Conclusie en gevolgen

11.1
Het beroep niet tijdig beslissen is niet-ontvankelijk. Voor zover het beroep is gericht tegen het bestreden besluit, is dat gegrond. De rechtbank zal het bestreden besluit vernietigen voor zover verweerder daarin heeft geweigerd om handhavend op te treden tegen de erfafscheiding. Voor het overige blijft het bestreden besluit in stand. De rechtbank zal verweerder opdragen om in een nieuw besluit op bezwaar opnieuw te beslissen op het verzoek van eisers om handhavend op te treden tegen de erfafscheiding, met inachtneming van deze uitspraak.
11.2
Zoals al vermeld, moet verweerder het griffierecht aan eisers vergoeden en ook een proceskostenvergoeding betalen. De rechtbank stelt vast dat de proceskosten van eisers alleen bestaan uit kosten van door een derde beroepsmatig verleende rechtsbijstand.

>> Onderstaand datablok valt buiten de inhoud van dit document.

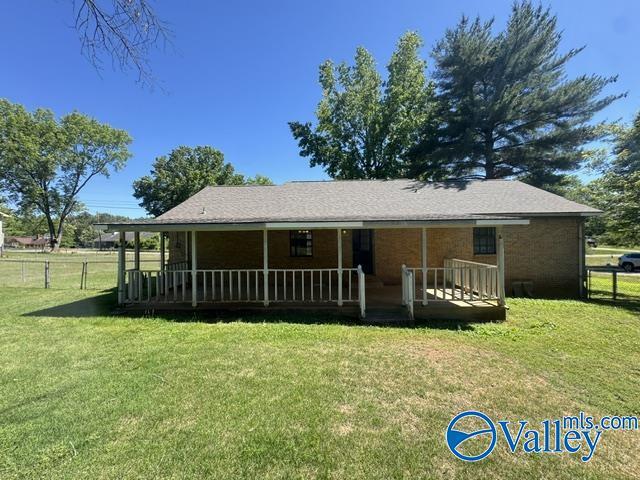 Building Photo - 127 Colby Dr NE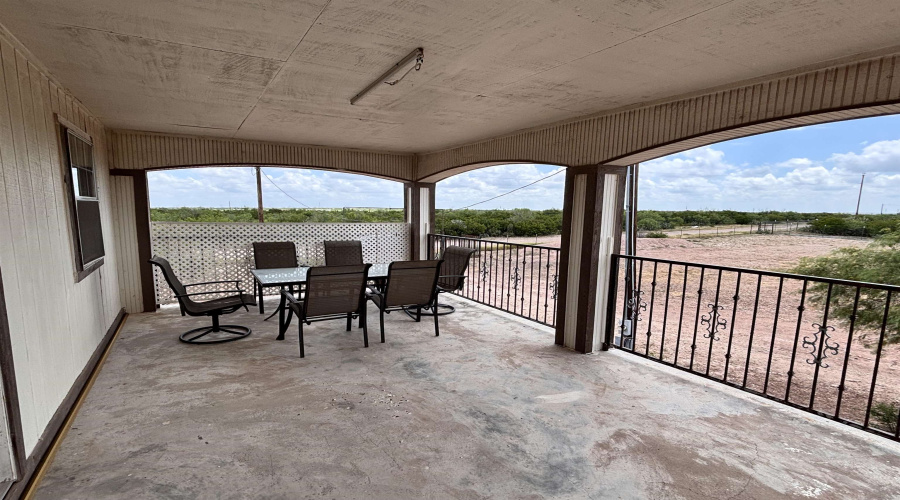 152 Los Fresnos Rd., Laredo, Texas 78041, ,Land,For Sale,152 Los Fresnos Rd.,20263191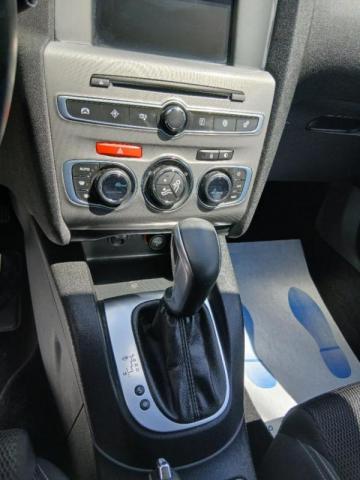 Citroen C4 image 7
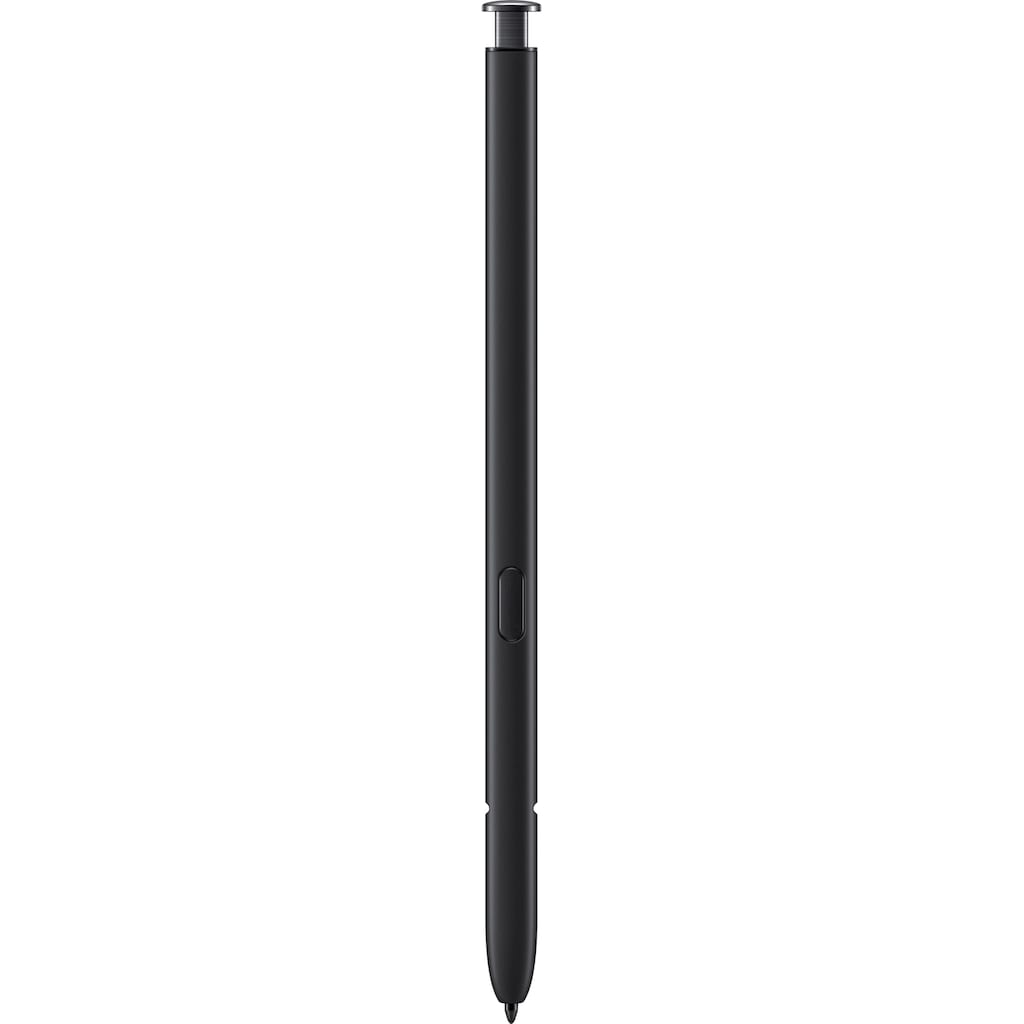 Samsung Eingabestift »EJ-PS908 S Pen für Galaxy S22 Ultra« online ...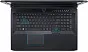 Acer Predator Helios 300 PH317-54-77PT Black (NH.Q9VEU.007) - ITMag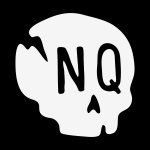Nick Quintero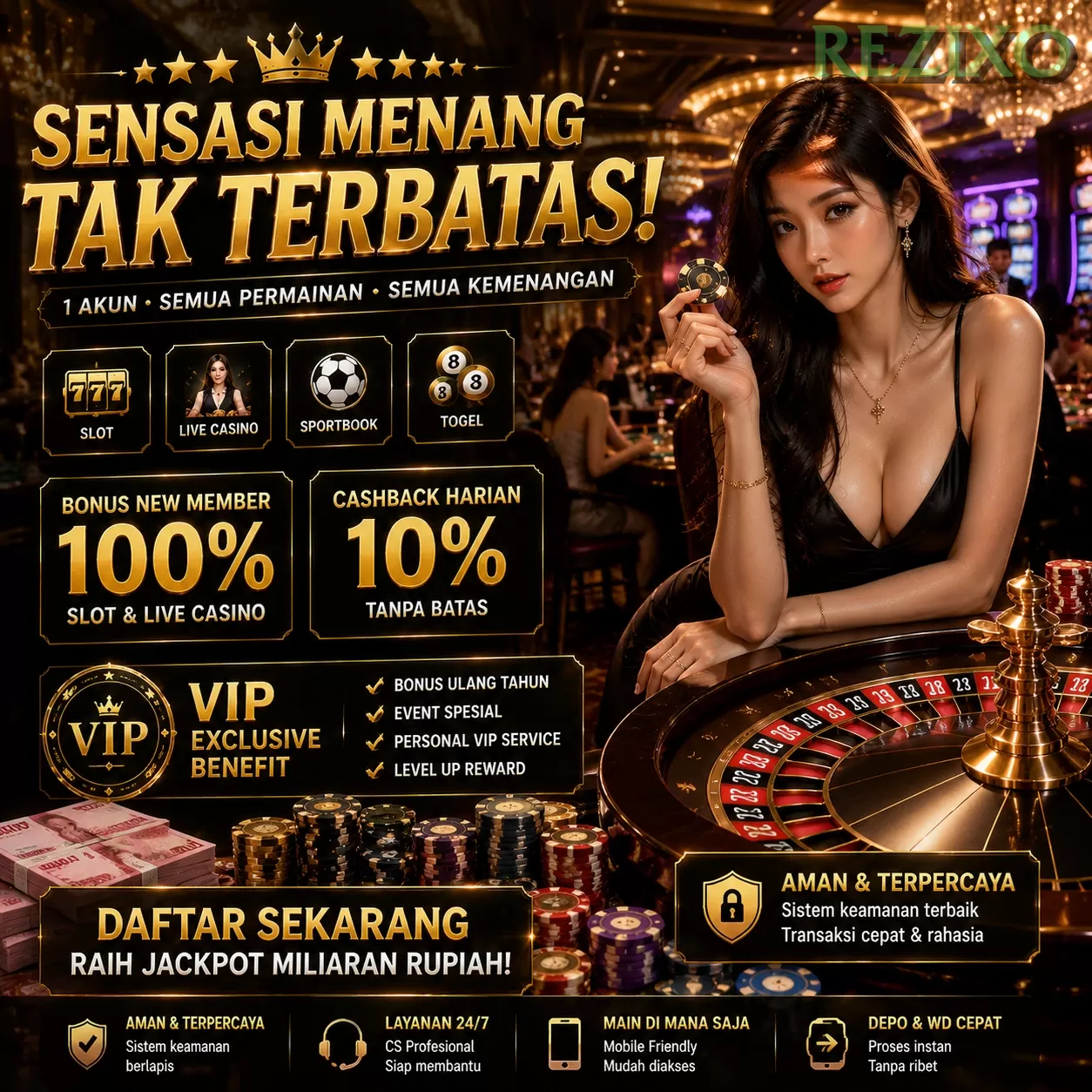 jkt88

De vergoeding voor het beroep niet tijdig beslissen stelt de rechtbank op grond van het Besluit proceskosten bestuursrecht (Bpb) vast op € 453,50 (1 punt voor het indienen van het beroep niet tijdig beslissen; waarde per punt: € 907,-; wegingsfactor 0,5 (licht)). De vergoeding voor het (inhoudelijke) beroep tegen het bestreden besluit stelt de rechtbank op basis van het Bpb vast op € 1.814,- (1 punt voor het indienen van de beroepsgronden en 1 punt voor het verschijnen ter zitting; waarde per punt: € 907,-; wegingsfactor 1 (gemiddeld)).

Beslissing

De rechtbank:
  • verklaart het beroep niet tijdig beslissen niet-ontvankelijk;
  • verklaart het beroep tegen het bestreden besluit gegrond;
  • vernietigt het bestreden besluit voor zover verweerder daarin heeft geweigerd om handhavend op te treden tegen de erfafscheiding;
  • draagt verweerder op om in een nieuw besluit op bezwaar opnieuw te beslissen op het verzoek van eisers om handhavend op te treden tegen de erfafscheiding, met inachtneming van deze uitspraak.
  • veroordeelt verweerder in de proceskosten van eisers tot een bedrag van € 2.267,50;
  • gelast verweerder het griffierecht van € 187,- aan eisers te vergoeden.
Deze uitspraak is gedaan door mr. A.P.W. Esmeijer, rechter, in aanwezigheid van
mr. P.J.H. Bijleveld, griffier. Uitgesproken in het openbaar op
griffier
rechter
Een afschrift van deze uitspraak is verzonden aan partijen op:

Informatie over hoger beroep

Een partij die het niet eens is met deze uitspraak, kan een hogerberoepschrift sturen naar de Afdeling bestuursrechtspraak van de Raad van State waarin wordt uitgelegd waarom deze partij het niet eens is met deze uitspraak. Het hogerberoepschrift moet worden ingediend binnen zes weken na de dag waarop deze uitspraak is verzonden. Kan de indiener de behandeling van het hoger beroep niet afwachten, omdat de zaak spoed heeft, dan kan de indiener de voorzieningenrechter van de Afdeling bestuursrechtspraak van de Raad van State vragen om een voorlopige voorziening (een tijdelijke maatregel) te treffen.